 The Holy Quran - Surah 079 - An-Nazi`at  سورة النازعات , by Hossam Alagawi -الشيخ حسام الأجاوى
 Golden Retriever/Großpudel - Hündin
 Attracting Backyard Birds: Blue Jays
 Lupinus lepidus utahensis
■ ■ ■ ■ ■
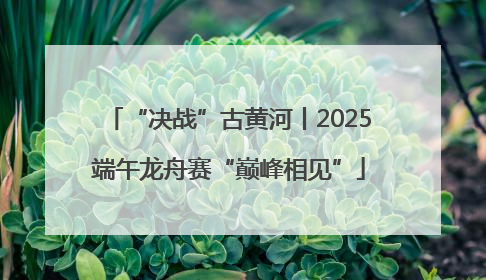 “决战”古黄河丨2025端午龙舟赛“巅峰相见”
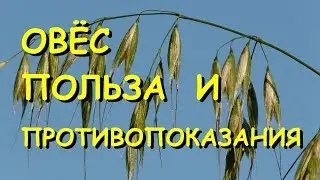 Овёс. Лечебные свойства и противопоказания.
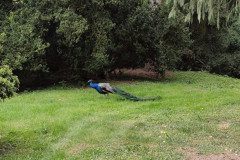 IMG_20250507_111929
■ ■ ■ ■ ■
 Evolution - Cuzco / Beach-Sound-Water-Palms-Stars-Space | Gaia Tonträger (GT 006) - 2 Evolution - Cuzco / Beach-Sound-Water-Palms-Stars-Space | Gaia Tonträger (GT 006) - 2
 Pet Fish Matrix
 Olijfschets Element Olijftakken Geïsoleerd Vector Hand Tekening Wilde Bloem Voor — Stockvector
■ ■ ■ ■ ■
In the entries above, the lines from the one bearing "Pet Fish Matrix" up to and including the one bearing "Olijfschets Element Olijftakken" should be transcribed exactly; no other line is wanted.

 Pet Fish Matrix
 Olijfschets Element Olijftakken Geïsoleerd Vector Hand Tekening Wilde Bloem Voor — Stockvector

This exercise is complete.